**Exercise:** Return every entry exactly, except for any pictures.
====== Supplied material ======
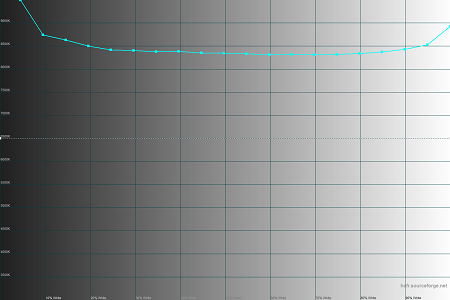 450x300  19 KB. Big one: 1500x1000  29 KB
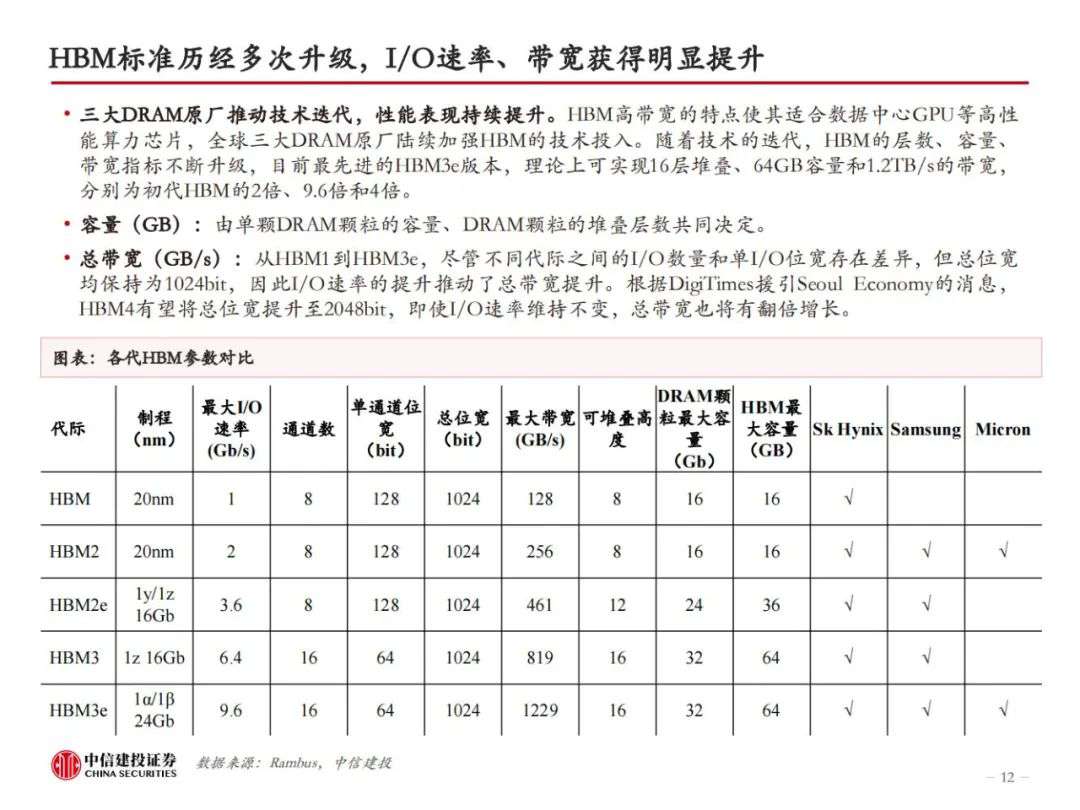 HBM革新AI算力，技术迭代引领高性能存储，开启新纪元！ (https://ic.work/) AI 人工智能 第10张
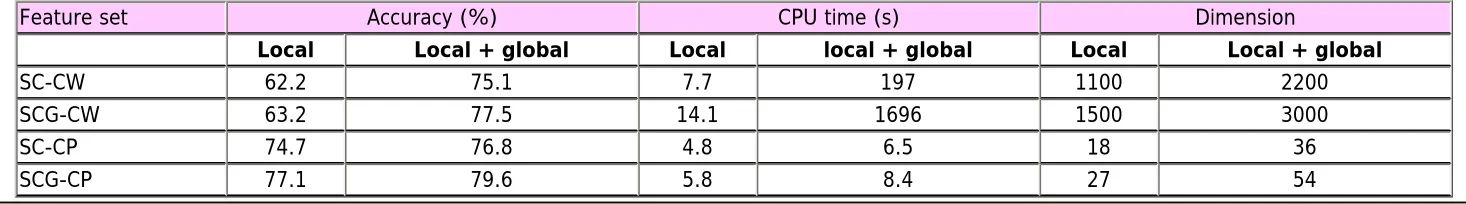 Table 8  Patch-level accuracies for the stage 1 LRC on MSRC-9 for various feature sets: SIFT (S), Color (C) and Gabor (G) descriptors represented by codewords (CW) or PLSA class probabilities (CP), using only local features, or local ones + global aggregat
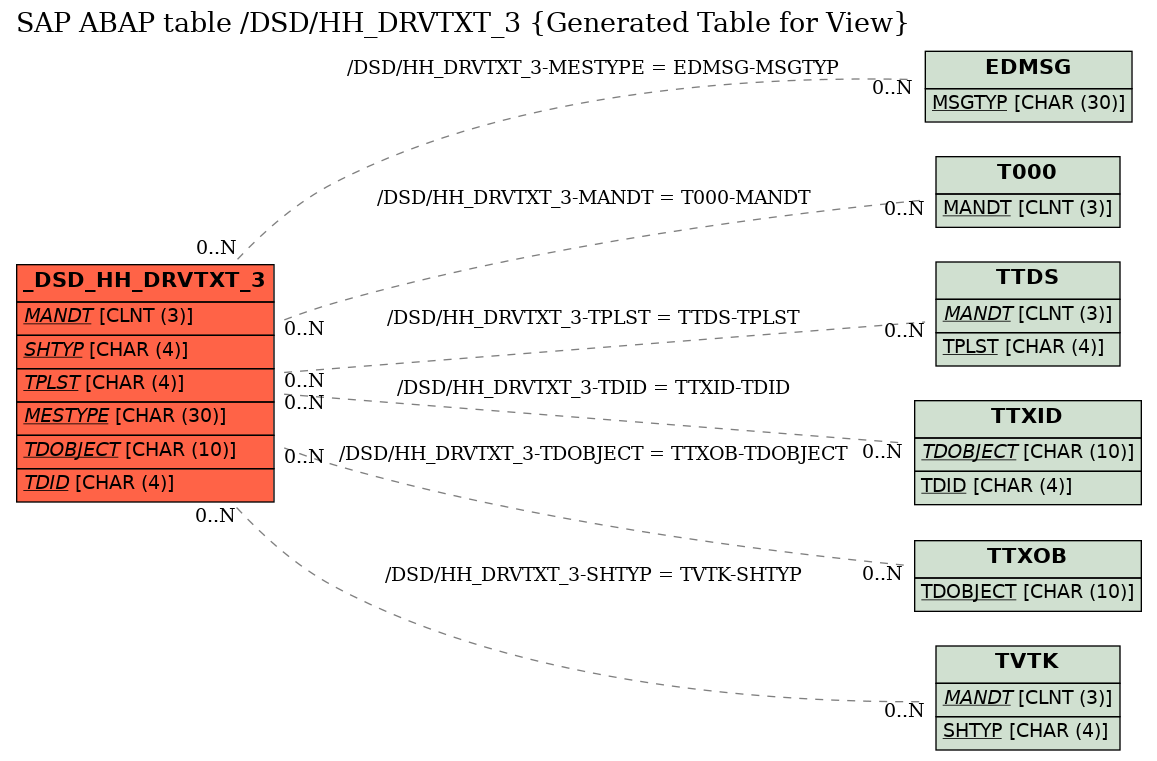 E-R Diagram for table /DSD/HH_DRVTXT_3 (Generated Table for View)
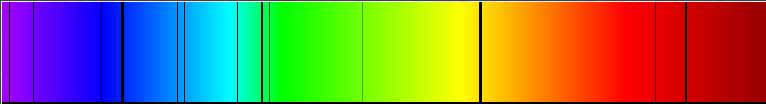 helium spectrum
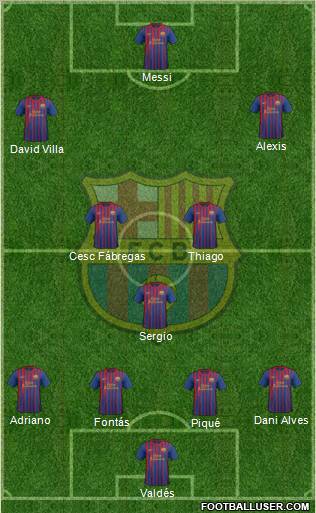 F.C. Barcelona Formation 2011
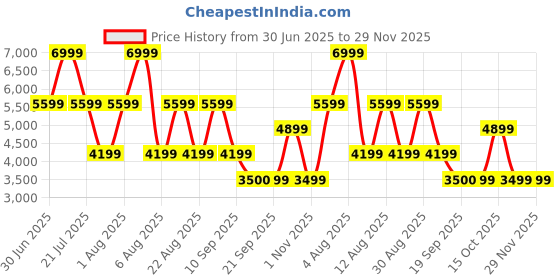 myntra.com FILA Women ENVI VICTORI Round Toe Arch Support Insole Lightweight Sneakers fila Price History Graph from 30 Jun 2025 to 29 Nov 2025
======
**The completed task:**
 450x300  19 KB. Big one: 1500x1000  29 KB
 HBM革新AI算力，技术迭代引领高性能存储，开启新纪元！ (https://ic.work/) AI 人工智能 第10张
 Table 8  Patch-level accuracies for the stage 1 LRC on MSRC-9 for various feature sets: SIFT (S), Color (C) and Gabor (G) descriptors represented by codewords (CW) or PLSA class probabilities (CP), using only local features, or local ones + global aggregat
 E-R Diagram for table /DSD/HH_DRVTXT_3 (Generated Table for View)
 helium spectrum
 F.C. Barcelona Formation 2011
 myntra.com FILA Women ENVI VICTORI Round Toe Arch Support Insole Lightweight Sneakers fila Price History Graph from 30 Jun 2025 to 29 Nov 2025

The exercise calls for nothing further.